Until this spring, the yearly “doc fix” bills that maintained physicians’ Medicare payments also served as a reliable vehicle to extend a handful of other health provisions. That’s all changed. The permanent repeal of the Sustainable Growth Rate that was enacted in April only maintains these other health provisions until the end of 2017. After that, their future is unclear.
The uncertainty has caused some health groups to ramp up lobbying for their pet projects early, with the hope of attaching them to other legislation this year. The chance of passing them in 2016, when there is a presidential election, is bleak.
The American Ambulance Association, for example, is lobbying Congress to make permanent a temporary bump in Medicare payments for ambulance services. “We’re definitely not waiting until the end of the 33 months [when the current payment rate expires] and are actually not pushing for another extension, but actually for making it permanent,” said Tristan North, senior vice president of public affairs.
The American Health Care Association wants to repeal the payment cap on outpatient therapy services under Medicare.
The tax extenders bill, which houses popular non-health provisions like the R&D tax credit, is the most obvious vehicle for these and other orphaned health provisions. But health analysts say that attaching the health provisions to the already loaded-down extenders package could increase the overall cost of the legislation. Therefore, the health provisions that cost the least are the ones most likely to be included.
The cost could determine whether groups choose to push for a more expensive permanent implementation of their requests or just another extension. Dan Ciolek, senior director of AHCA therapy services, said his organization’s lobbying strategy is largely determined by the legislation Congress takes up. “When it comes to seeing what kind of legislation is with us and what the pay-fors are, that ultimately drives where our organization goes as a whole at that moment,” Ciolek said in an interview.
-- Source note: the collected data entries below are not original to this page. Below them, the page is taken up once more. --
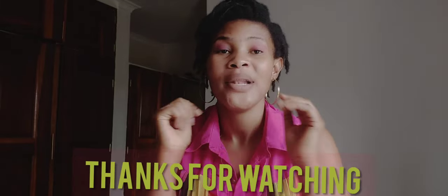So that would be it for this video. If you find it helpful, leave me a sweet comment, and if you have any questions, feel free to leave them in the comments section and I'll respond. I love you guys so much — I'll see you in my next video. Don't forget to like the video, bye!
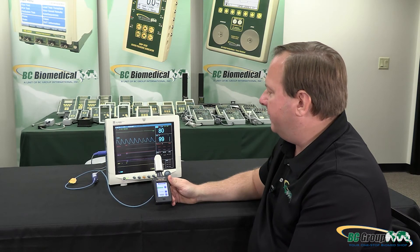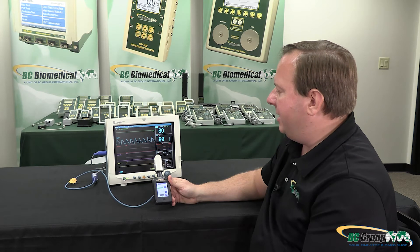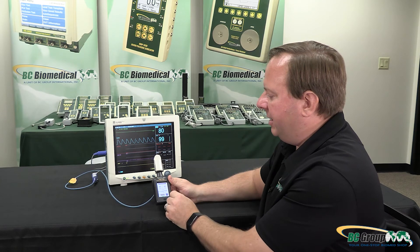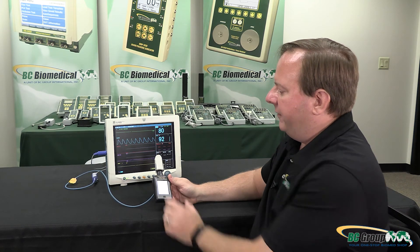One thing to note: if the readings are off a little bit it may be because the wrong manufacturer is selected, which would affect the R curve that we use for simulating the SpO2. So that's one thing to look into if you're having any problems.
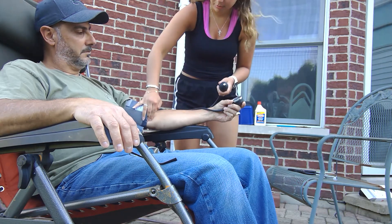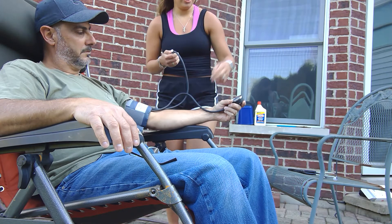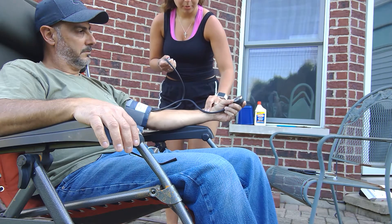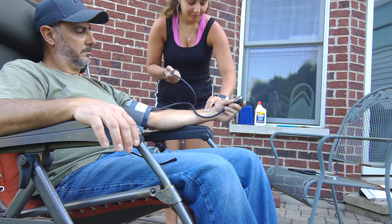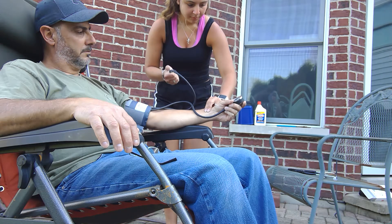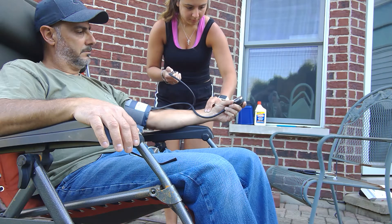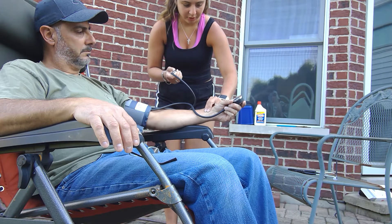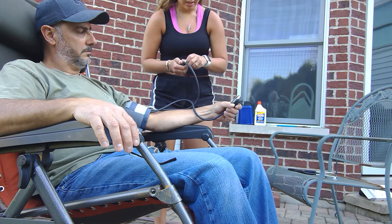I'm going to find where his brachial pulse is, and then I'm going to find his radial pulse and pump it up until I don't feel his pulse anymore, to find his estimated systolic. It's around 120.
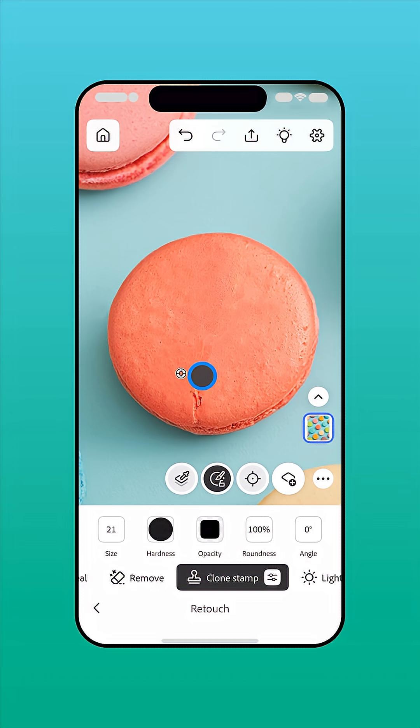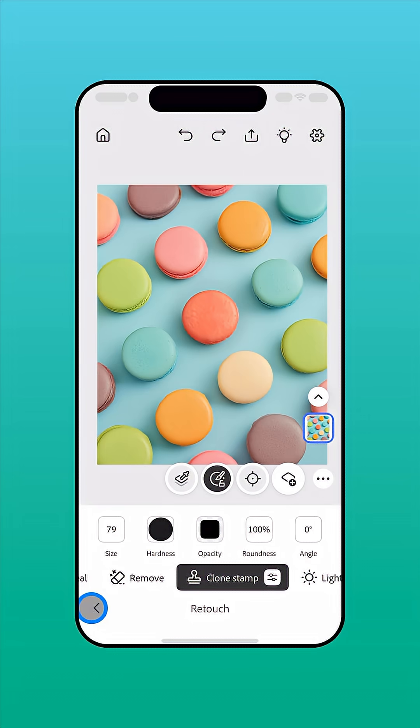To reset the source area, touch and drag the target icon to a different part of the image. When you're finished, tap the back arrow at the bottom left.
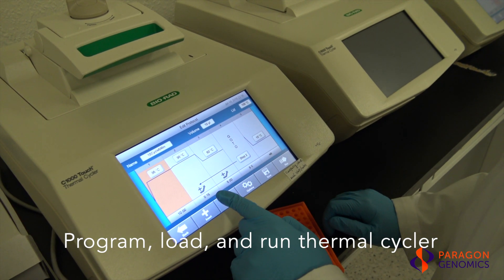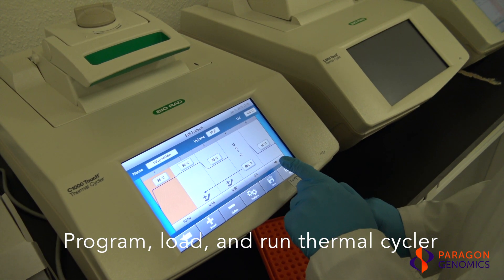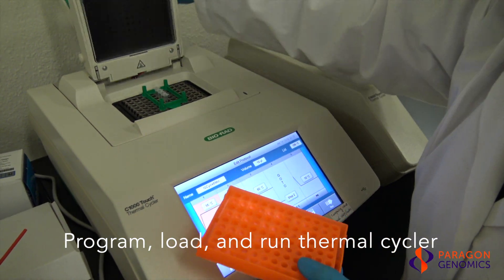First, program the thermal cycler according to the thermal cycling conditions for the multiplex PCR reaction provided in the user guide. Load samples and run the program to amplify target DNA regions.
Both groups are also eyeing other potential health packages on which to “piggy-back” their niche provisions. There are vague notions of legislation about chronic care or hospital payment systems on Capitol Hill. But there are no other options as solid as the extenders package, which is almost certain to be enacted by year’s end.
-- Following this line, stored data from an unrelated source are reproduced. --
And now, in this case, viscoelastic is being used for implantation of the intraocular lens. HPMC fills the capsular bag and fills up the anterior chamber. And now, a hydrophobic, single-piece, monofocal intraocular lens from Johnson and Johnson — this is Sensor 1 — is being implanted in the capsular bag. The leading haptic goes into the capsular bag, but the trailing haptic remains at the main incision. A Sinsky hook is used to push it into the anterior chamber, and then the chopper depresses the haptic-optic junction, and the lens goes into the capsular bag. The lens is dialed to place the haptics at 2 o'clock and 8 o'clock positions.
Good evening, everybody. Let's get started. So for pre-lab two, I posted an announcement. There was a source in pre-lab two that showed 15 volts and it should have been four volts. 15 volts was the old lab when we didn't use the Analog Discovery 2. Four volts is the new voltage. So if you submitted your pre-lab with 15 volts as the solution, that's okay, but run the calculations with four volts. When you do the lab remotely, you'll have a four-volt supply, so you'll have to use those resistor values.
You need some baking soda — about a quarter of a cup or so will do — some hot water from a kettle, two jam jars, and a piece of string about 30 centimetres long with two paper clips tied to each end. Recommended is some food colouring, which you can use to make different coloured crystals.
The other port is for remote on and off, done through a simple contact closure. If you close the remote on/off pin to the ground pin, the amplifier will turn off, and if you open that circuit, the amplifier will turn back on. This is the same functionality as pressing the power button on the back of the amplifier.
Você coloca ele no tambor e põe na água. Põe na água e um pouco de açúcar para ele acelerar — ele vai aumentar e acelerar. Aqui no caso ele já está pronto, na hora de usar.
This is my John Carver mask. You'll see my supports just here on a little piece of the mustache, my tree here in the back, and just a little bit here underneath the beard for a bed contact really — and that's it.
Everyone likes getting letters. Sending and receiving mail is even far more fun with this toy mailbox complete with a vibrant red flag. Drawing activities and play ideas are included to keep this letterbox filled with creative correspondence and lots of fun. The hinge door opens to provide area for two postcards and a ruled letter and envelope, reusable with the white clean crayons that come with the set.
Lobbyists say a permanent implementation of their health provisions would be cheaper now than dealing with them when after they have expired. “We’re going to have to find less of an offset if you move it sooner rather than later because you are going to be utilizing some of the money that was used for the 33-month extension,” the ambulance association’s North said.
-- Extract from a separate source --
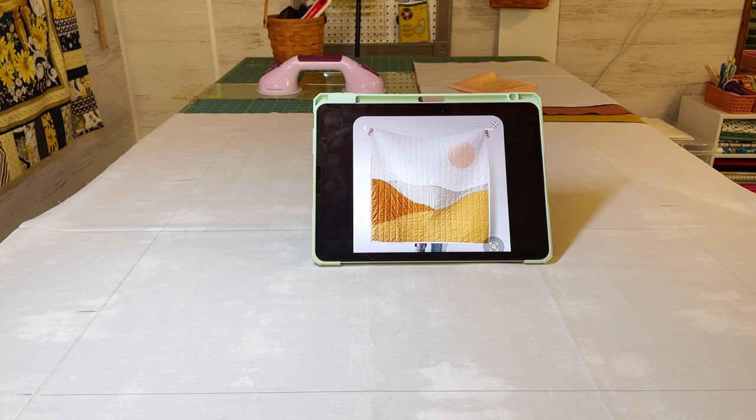Hi everyone, welcome back to Lessons Learned. Today I'm going to take you on a little journey with me on this art quilt that I've been commissioned to do. I just wanted to show you what my method is for accomplishing this. This is not necessarily a tutorial, but you may be able to glean some things from it that are helpful for you in the future. Please leave any comments if you have suggestions or ways that I can improve as well. I just wanted to give you a little overview of how I started this project.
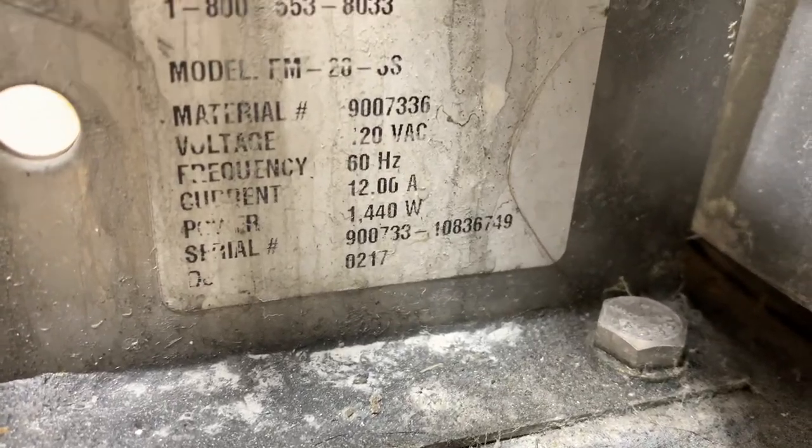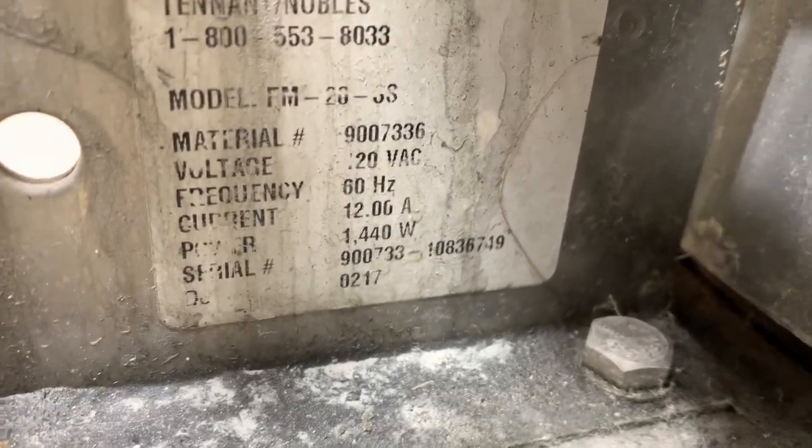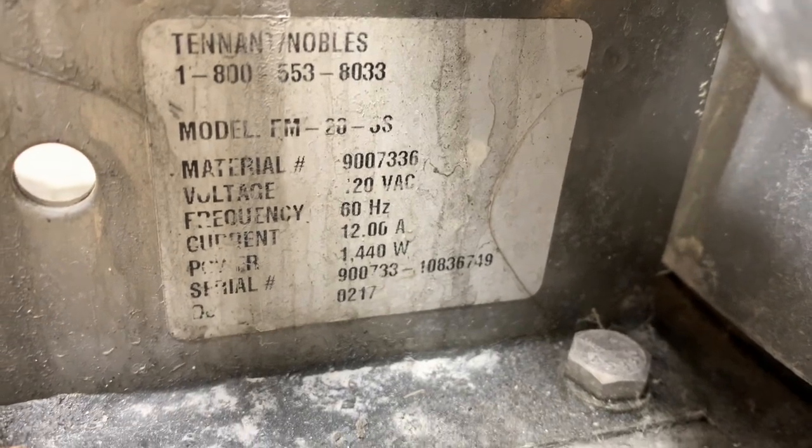Good morning. This is a second FM 20 by Tenant and we have no power. This is what I'll call the DGI — there's a D underneath that tank — DGI floor machine. The first thing I do is plug it in.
While repealing the Sustainable Growth Rate was received warmly by most physicians, it has proven to be bittersweet for those who lobby on behalf of smaller health provisions. They wish their projects had been included in the SGR deal. “The perfect scenario would have been if we had a long-term solution or a long-term extension as well as a kind of must-pass provision like the doc fix kind of coupled with it,” North said. “I think it’s probably a dual-edged sword.”